Alana Deng, Kaitlyn Wade, Lianghong Chen, Gen Zhou

A bipartite graph is defined as a graph whose vertex set can be partitioned into two disjoint sets. Let $G = (V, E)$ be a graph with vertex set $V$ and edge set $E$. $G$ is bipartite if there exist two disjoint sets $U$ and $W$ such that $V = U \cup W$ and every edge in $E$ connects a vertex in $U$ to a vertex in $W$. A graph $G$ is bipartite if and only if there is no cycle of odd length in $G$.

The notation $G = (U, W, E)$ is commonly used to denote a bipartite graph with vertex sets $U$ and $W$, and edge set $E$.

Drug-gene interaction data provides a nuanced perspective on how genetic variations can influence an individual's response to specific medications. Biological systems are inherently complex, with intricate relationships between drugs and genes. Capturing and understanding these relationships is crucial for uncovering insights that empower personalized treatments and precision medicine.

Drug-gene interaction data is often modeled as a bipartite graph, where there is a set of vertices $U$ for different types of drug, and a disjoint vertex set $V$ for genes. The interactions between them are depicted as edges in set $E$.

Transductive learning focuses on making predictions for specific, existing data points. In transductive learning, the model aims to infer the labels or relationships of a specific set of instances that are already present in the dataset.

In the context of bipartite link prediction, transductive learning seeks to utilize the information inherent in the current structure of the bipartite graph to make predictions for specific, unobserved links.

• Real-world drug-gene interaction data is often incomplete due to experimental constraints.

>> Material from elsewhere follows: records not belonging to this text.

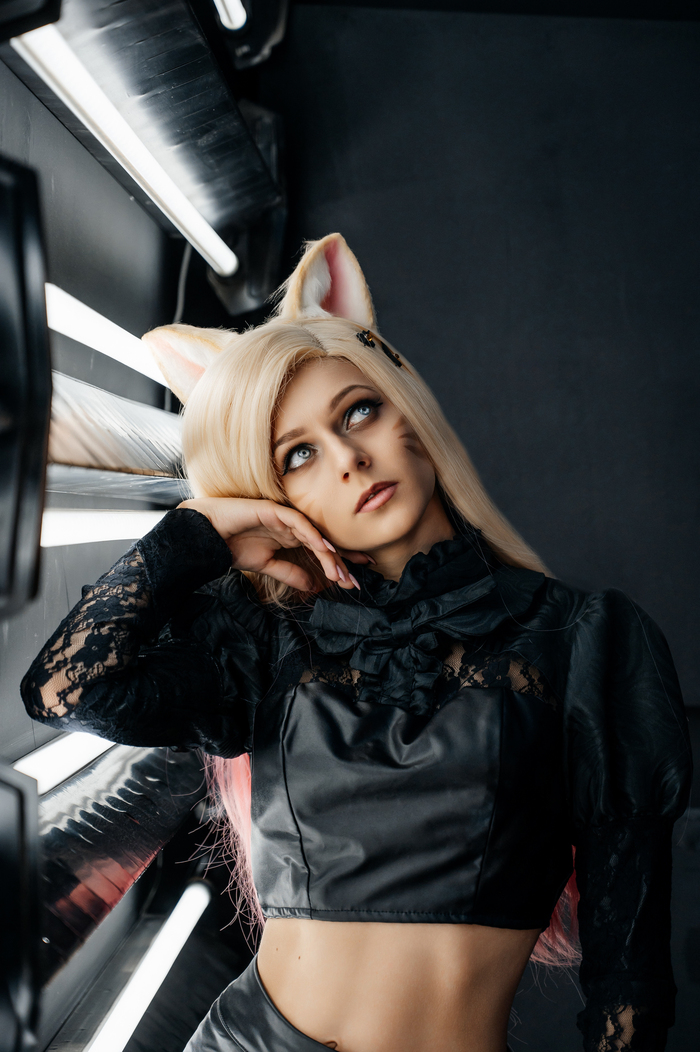 Косплей Ahri League of Legends (K/DA)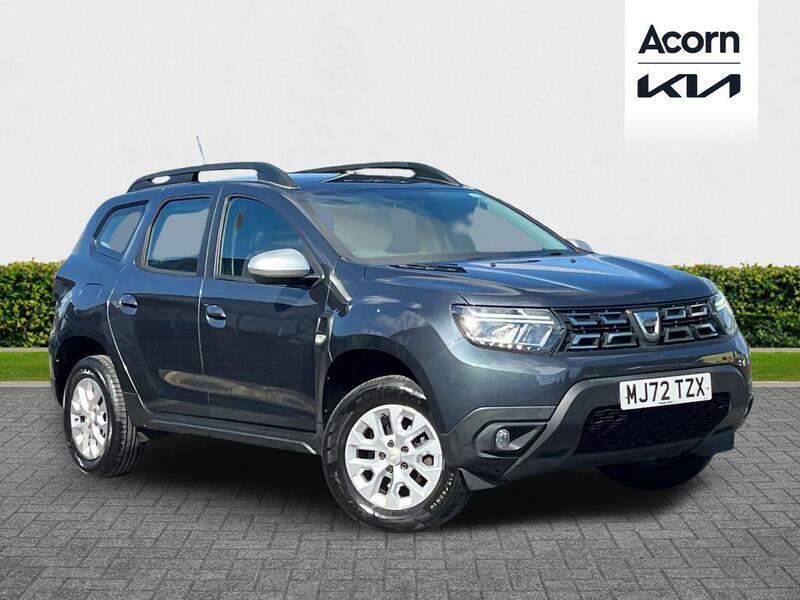 Dacia Duster 1.0 Tce Comfort Euro 6 Ss Grey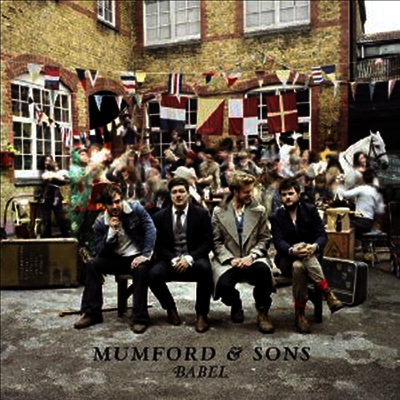 Mumford & Sons — Babel 앨범 커버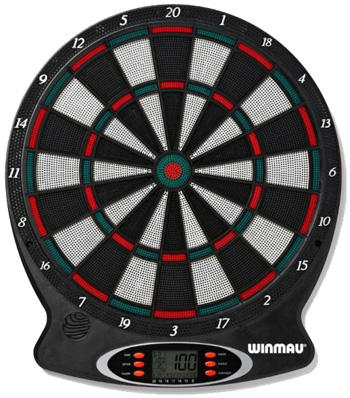 Электронный Дартс Winmau Ton Machine (безопасный)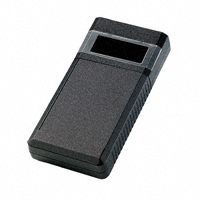 Bopla Enclosures - BOS 800 - BOX ABS BLACK 7.72"L X 3.94"W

Link prediction addresses this incompleteness by inferring potential interactions based on existing drug-gene interaction data.
• Drug-gene interaction networks are usually sparse, with only a small portion of possible interactions observed. This sparsity poses challenges for accurately predicting links between drugs and genes.
• Integration of diverse data sources adds complexity to the prediction task. Link prediction must navigate these heterogeneous sources to generate meaningful insights.

The Drug-Gene Interaction Database (DGIdb, www.dgidb.org) is a web resource that provides information on drug-gene interactions and druggable genes from publications, databases, and other web-based sources. Drug, gene, and interaction data are normalized and merged into conceptual groups.

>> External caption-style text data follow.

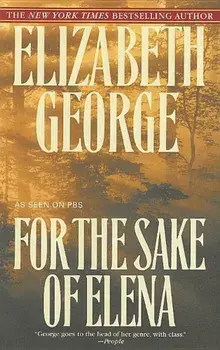 For the Sake of Elena, Paperback/Elizabeth George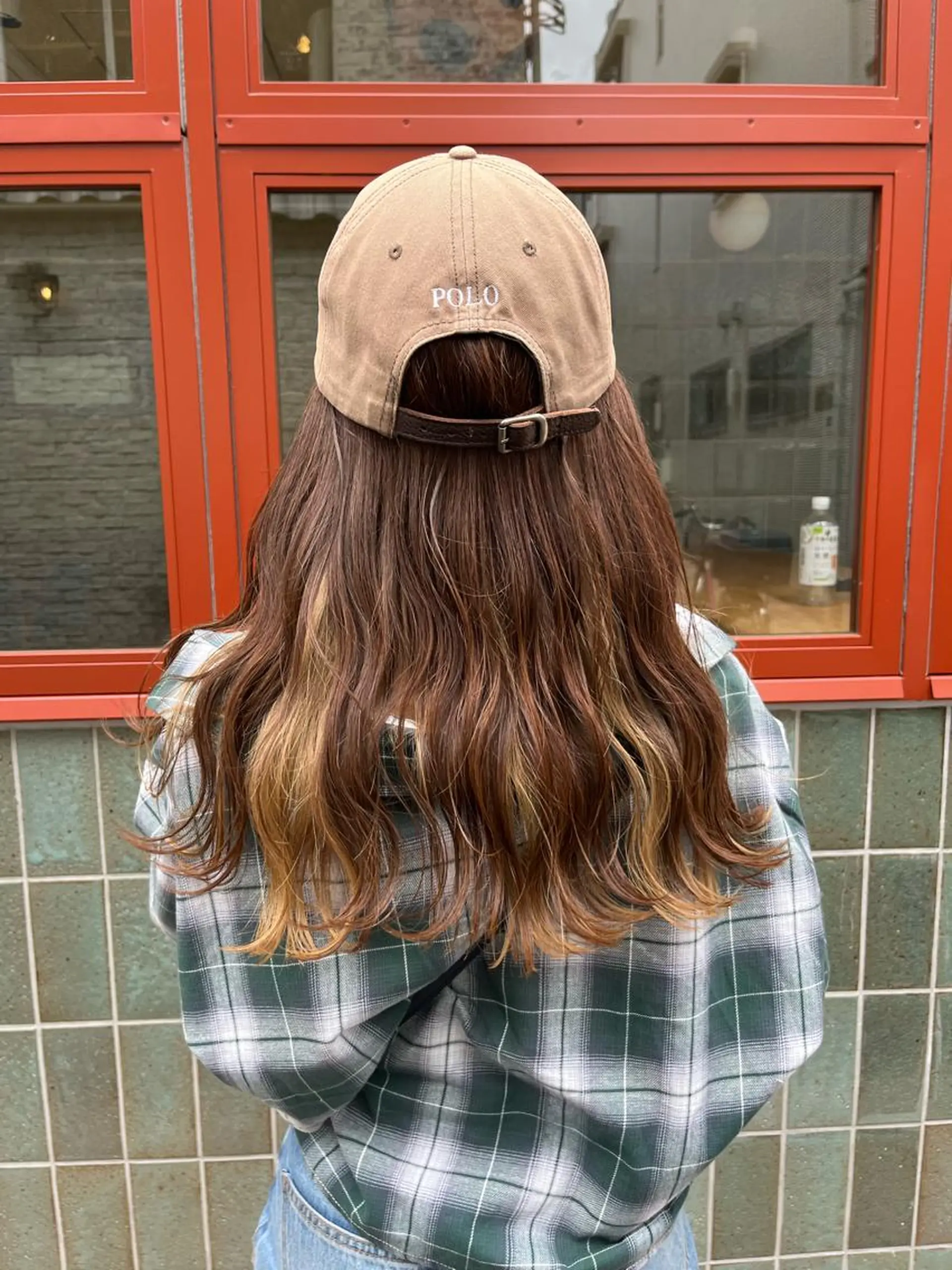 セミロング SALOWIN新宿三丁目frente所属・髪質改善/艶カラー MISATOのヘアスタイル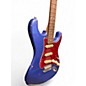Used Squier Contemporary Stratocaster Purple Metallic Solid Body Electric Guitar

• This is a relatively large set for limited computational resources. We can use some sampling/preprocessing methods to select some important nodes/edges

• Negative Edge Sampling: Random undersampling, Feature-based undersampling, Topology-based undersampling
• Train-Test Split: Stratified train-test split
• Feature Selection: PCA
• Link Prediction: Node Embeddings + Machine Learning(ML)/Graph Neural Networks (GNN) Classifiers
  • Node Embedding: Node2Vec, DeepWalk, Metapath2Vec, Word2Vec, Struc2Vec, BiNE
  • Classification Models: Conventional ML/GNNs
    • Conventional Machine Learning Methods: Logistic regression, XGBoost, Naive Bayes
    • GNN-Based Methods: GraphSAGE, GCN, GAT
• Evaluation Metrics: AUC-ROC, AUC-PRC

The root directory of the repository is drug_gene_interaction_prediction. The folder structure of drug_gene_interaction_prediction is as follows

drug_gene_interaction_prediction/
│
├── README.md
│
├── data
│   ├── interactions.tsv #Raw drug-gene interaction data without any preprocessing
│   ├── preprocessed_34_10.tsv #preprocessed interaction matrix (cutoff values: gene 34, drug 10)
│   └── preprocessed_42_10.tsv #preprocessed interaction matrix (cutoff values: gene 42, drug 10)
│
├── code
│   ├── preprocessing # data preprocessing, analysis, and visualization
│   ├── graph_embedding # node representation learning
│   ├── classification # classification models
│   └── backup # backup scripts
│
└── res # directory to store results

• You can read preprocessing.ipynb as it shows the steps for preprocessing and data analysis.
• The row indices of preprocessed data are genes, and the column indices are drug types (compounds).
• To use GNN-based methods for node embedding, you can use PyG (PyTorch Geometric). You should first create a PyG data object before generating node embedding. Here are some useful documentations:
  • https://pytorch-geometric.readthedocs.io/en/latest/
  • https://pytorch-geometric.readthedocs.io/en/latest/modules/data.html#data-objects
• If you are more familiar with Tensorflow, it looks like Tensorflow also supports GNN. You can see https://blog.tensorflow.org/2021/11/introducing-tensorflow-gnn.html

• ../code/requirements.txt: pip install -r requirements.txt.
• ../backup/GCN.py: python GCN.py <.tsv path>.